A metà degli anni ’70, secondo Marazzi, il tasso di profitto si ferma al 13-14 %, dal 20% che aveva caratterizzato i trenta anni precedenti. Il calo dei profitti viene contrastato attraverso un aumento della rendita finanziaria, il divenire rendita del profitto stesso. Il processo investe anche i grandi gruppi industriali: negli anni ’80 colossi industriali come GENERAL MOTORS, GENERAL ELECTRICS o FIAT, sviluppano comparti finanziari addirittura superiori a quelli produttivi, destinati a dirottare risorse verso investimenti di tipo finanziario.
Allo stesso tempo, quell’incremento della domanda che un tempo veniva raggiunto attraverso politiche Keynesiane è adesso garantito dalla finanziarizzazione, attraverso forme generalizzate di indebitamento.
E’ una specie di privatizzazione delle politiche realizzate nei Welfare del secondo dopoguerra facendo leva sulla spesa pubblica, anche ricorrendo ad un “deficit spending”, cioè ad un disavanzo di bilancio. Ogni singolo cittadino diviene ora un centro di imputazione e creazione della DOMANDA aggiuntiva attraverso una spesa resa possibile da un debito. In un lavoro dedicato alla lettura di questi processi, dal titolo eloquente “Il governo dell’uomo indebitato”, Maurizio Lazzarato, dedica un capitolo a quella che definisce “La fabbrica del sapere” statunitense, un’impresa, a suo avviso, ormai completamente finanziarizzata. I 2/3 degli studenti diplomati dall’università statunitense risulta indebitata. Secondo i dati forniti da una ricerca FED nel 2010 sono 37 milioni gli studenti che sono ricorsi ad un debito per terminare gli studi. Nel suo libro Lazzarato afferma che l’indebitamento studentesco esprime in modo esemplare la strategia neo-liberista, la sostituzione dei diritti sociali ( diritto alla formazione, alla salute, alla pensione ) con l’accesso al credito, ovvero con il diritto di contrarre debiti. I crediti al consumo sostituiscono così gli aumenti salariali, le assicurazioni individuali la sicurezza sociale, i prestiti immobiliari il diritto alla casa. Il ruolo dello stato ne risulta stravolto rispetto al concetto di democrazia sociale che pure abbiamo conosciuto per un trentennio del novecento: alle spese di formazione trasferite a carico dello studente corrisponde una liberazione di risorse che vengono trasferite alle famiglie più ricche attraverso una riduzione delle tasse, divenuto ormai un obiettivo, la diminuzione della tassazione, che caratterizza , in molte democrazie, il programma sia della destra che della sinistra, per questo e altri aspetti ormai indistinguibili. Innegabile che il debito rappresenti una nuova tecnologia di potere. Il debitore non è più controllato o spinto ad agire da una forza esterna che ambisce a regolarne la condotta, il debitore sceglie volontariamente di contrarre un debito e di fare per questa via della propria vita l’oggetto di un investimento di cui è egli stesso il garante e l’esecutore. Ovvero di divenire, come è di moda dire, imprenditore o manager di se stesso. Il debito è lo strumento del “business plan” realizzato su se stessi.

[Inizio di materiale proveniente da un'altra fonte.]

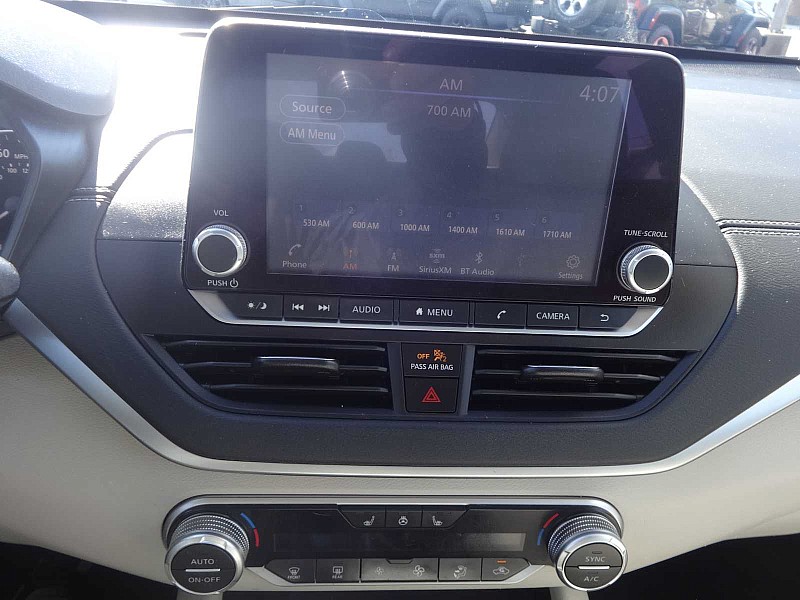 Vehicle image 14 of 23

Nella fabbrica fordista il lavoratore era disciplinato da persone e procedure esterne, queste erano riconoscibili e contrastabili, facendo ricorso a risorse individuali o più spesso collettive. Al lavoratore traumatizzato e precario, consumatore indebitato dell’economia contemporanea della crisi è inibito pensare ad un futuro che non sia pervaso dalle passioni tristi legate all’obbedienza e alla mimesi del sé.